The Yurok and Karuk tribes have been the driving force behind the lawsuit. Their families live along the Klamath and their fishermen depend on the river for a living. It was their water-quality specialists who first noticed the algae blooms along the banks of the reservoirs two years ago, and who first gathered samples for testing.

The laboratory results, from October 2005, found the water so loaded with a liver-damaging toxin called mycrocystin that it was not recommended for human or animal consumption. The North Coast Regional Water Quality Control Board later posted the banks of the river with warning signs.

Leaf Hillman didn't need a warning sign to know there was a problem with water quality in the Klamath River. A plaintiff in the case against PacifiCorp, Hillman lives in the ancestral Karuk town of Kotiphiruk, located near Orleans, on the banks of the Klamath.

"I've been swimming in the Klamath River my entire life. As of two years ago, I no longer allow my children to swim in the Klamath because of the health hazard," he said.

Hillman has become accustomed to seeing small numbers of juvenile and adult fish dead on the banks of the river each June, July and August.
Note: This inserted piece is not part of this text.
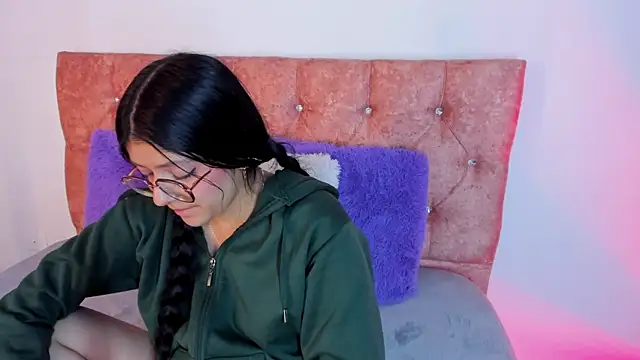 lana dol online show from 02-12-25, 03:05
The science has convinced him that there is a connection between sick salmon and the algae bloom that stretches past his home, which lies below the lowest dam on the river.

"It's like thick spinach floating on top of the water," Hillman said. "It's gross, and it doesn't smell good."
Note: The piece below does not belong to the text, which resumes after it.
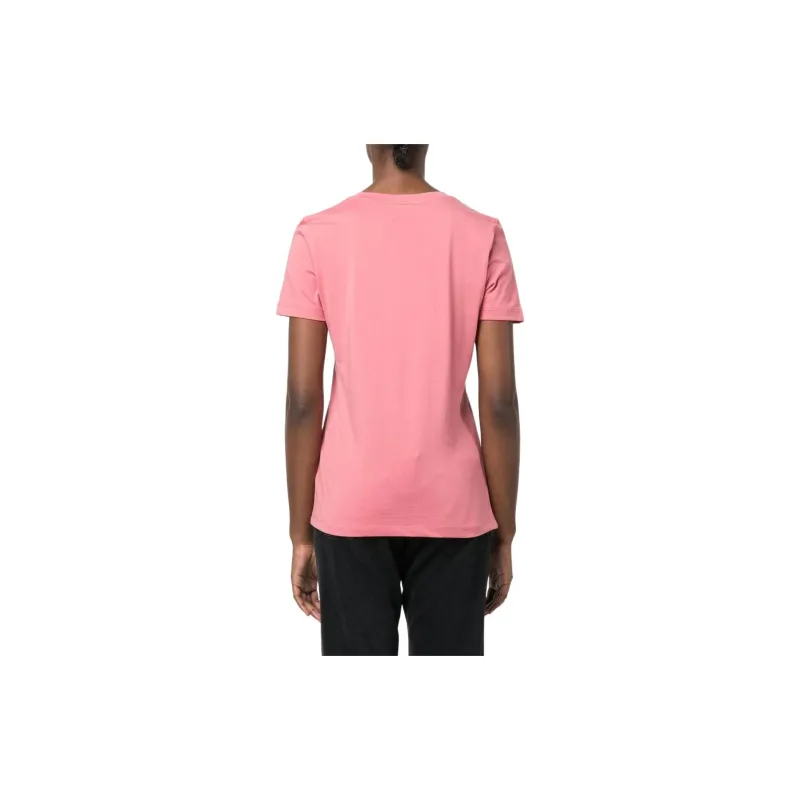 Tommy Hilfiger T-Shirt Women's Pink-3
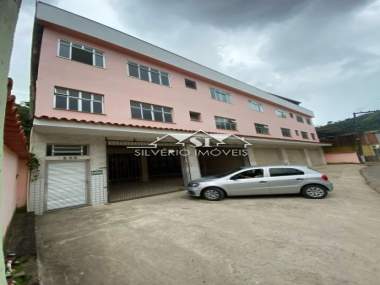 [CI 38492] Prédio residencial e comercial em Santa Fé, São José do Vale do Rio Preto/RJ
Portland-based PacifiCorp owns five of six hydroelectric dams along the Klamath and provides power to 17,000 households in California and Oregon. The company was acquired by MidAmerican Energy in 2006. MidAmerican is owned by Warren Buffett's Berkshire Hathaway holding company.

Klamath experts believe the algae forms in reservoirs with concentrated levels of phosphorous and nitrogen, byproducts of the pesticides and fertilizers that farmers apply to their crops in the upper Klamath basin. These elements eventually leach into the water, but cannot dissipate because the dams prevent the river from flowing at a natural rate.
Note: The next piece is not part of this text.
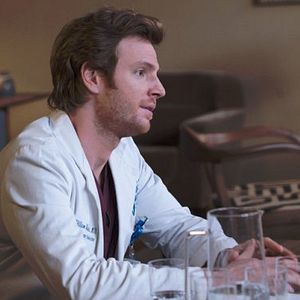 Foto Chicago Med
Bill Kier of Kier Associates has studied the Klamath River ecosystem for decades and has analyzed water data collected by the tribes and by PacifiCorp itself.

"Rivers have a natural ability to clean themselves. When you stick dams across them and create ponds, you reduce that self-cleaning ability," he explained.

"The evidence appears to be that the reservoirs we have studied have the effect of concentrating nutrients and exacerbating algae development ... this may be in fact be responsible for killing a great deal of the juvenile salmon production each year in the river," added Kier.

PacifiCorp is facing other challenges. The company's

50-year license to operate the dams lapsed in spring 2006 during negotiations with the Federal Energy Regulatory Commission, and it is now operating on a year-to-year license while the commission considers requiring the company to upgrade its dams.

Several federal agencies, including the National Oceanic and Atmospheric Administration (NOAA), have strongly recommended that PacifiCorp build a "fish ladder" system to help salmon climb over the dams to reach their spawning grounds. Last summer, a judge in Sacramento ruled that PacifiCorp should be required to build the fish ladders, which will cost between $300 million and $350 million.

In an analysis released in March of this year, the California Energy Commission compared the cost to PacifiCorp of building the fish ladders versus removing the dams completely. The study concluded that "it makes more economic sense" for PacifiCorp to remove the dams and buy replacement power from other sources. The company would save $114 million, and pass along that savings to ratepayers.

PacifiCorp spokeswoman Jan Mitchell said the company is in the midst of a mediation process with several Klamath River stakeholders, including representatives of the Karuk tribe. She would not comment on the latest lawsuit or claims that the dams are harming salmon populations.

"We're working with a number of parties and we are trying to reach a resolution. If the parties can't achieve an agreement through the settlement process, we'll continue with the federal process and follow its recommendations," she said.

A fact sheet on PacifiCorp's Web site says the company would consider removing its dams "only if its customers' interests are protected and its property rights are respected."